Il faut rendre justice au motif qui a égaré ces philosophes ; ce motif respectable, c’est l’humanité. Nous devons donc être d’accord désormais, d’après la conduite de nos navigateurs, en voyant leur ménagement extrême pour la vie des sauvages, qui se détruisent entre eux sous le plus léger prétexte ; la férocité de ces derniers adoucie par la civilisation, et l’immense quantité de sang épargnée par l’abolition des sacrifices humains, si révoltans, et si généralement répandus chez les peuples sauvages.


  1. L’anecdote qu’on vient de lire m’était inconnue, lorsque j’ai écrit la note qu’on verra, tome II. page 218.
  2. Voyez tome IV, pages 202 et 240.
  3. Reconnue par Schortland, lieutenant de la marine anglaise, en 1788 ; mais découverte en partie par Bougainville, capitaine de vaisseau, en 1768, et plus encore par Surville, capitaine de vaisseau de la compagnie des Indes, qui la nomma terre des Arsacides. (Note du Rédacteur.)
  4. La Pérouse n’a pu périr qu’en 1788. Je laisse à ceux qui connaissent les effets des vagues de la mer sur un bâtiment naufragé, à juger si ces débris pouvaient encore exister flottant sur l’eau à la fin de décembre 1791. (N. D. R.)
  5. Ces Indiens caractérisés comme pacifiques, attaquèrent les chaloupes que Bougainville avait envoyées à terre pour faire de l’eau, dès qu’elles furent entrées dans la baie de Choiseul. (N. D. R.)

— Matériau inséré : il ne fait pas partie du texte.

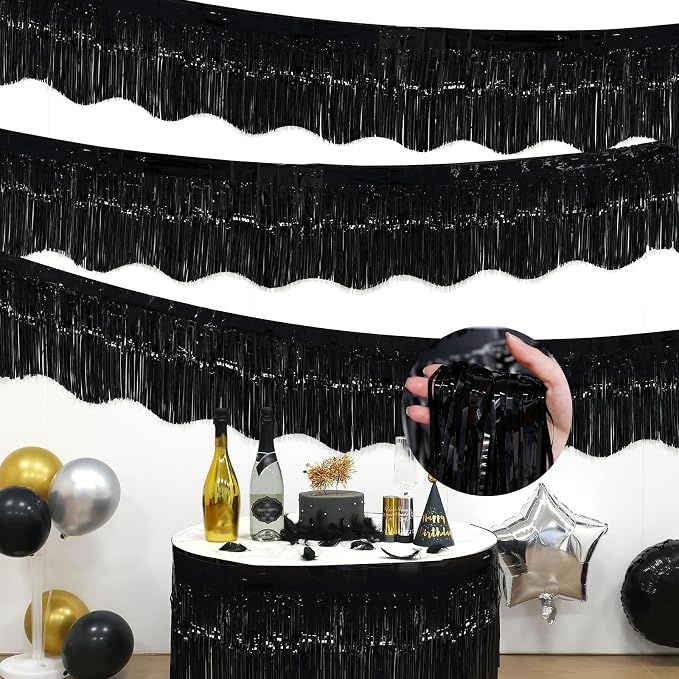 LOLStar Black Foil Fringe Tinsel Garland, Tinsel Streamers Banner, 6 Pack | 60Ft Tinsel Streamers, Shiny Black Wall Hanging Tinsel Fringe Banners for Bachelorette, Halloween, New Year Party Decor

  6. Il est sans doute surprenant que les débris vus par George Bowen, et assurés être ceux du vaisseau de la Pérouse, et de construction française, ce qui les suppose considérables et examinés de près et avec attention, ne se trouvent ici qu’aperçus, à minuit, à la clarté d’un feu allumé à terre. (N. D. R.)
  7. Bougainville, obligé de repousser par la force l’attaque de ces Indiens, s’empara de deux de leurs pirogues, dans lesquelles il trouva, entre autres choses, une mâchoire d’homme à demi grillée, preuve évidente d’anthropophagie. (N. D. R.)
  8. Le capitaine anglais ne donne plus comme une certitude que les débris aperçus soient ceux du vaisseau de la Pérouse ; ce n’est plus qu’une simple présomption. (N. D. R.)
  9. Bougainville trouva dans les pirogues qui tombèrent en son pouvoir, des filets à maille très-fines, artistement tissus. Il est probable que leur perfection a induit George Bowen en erreur. (N. D. R.)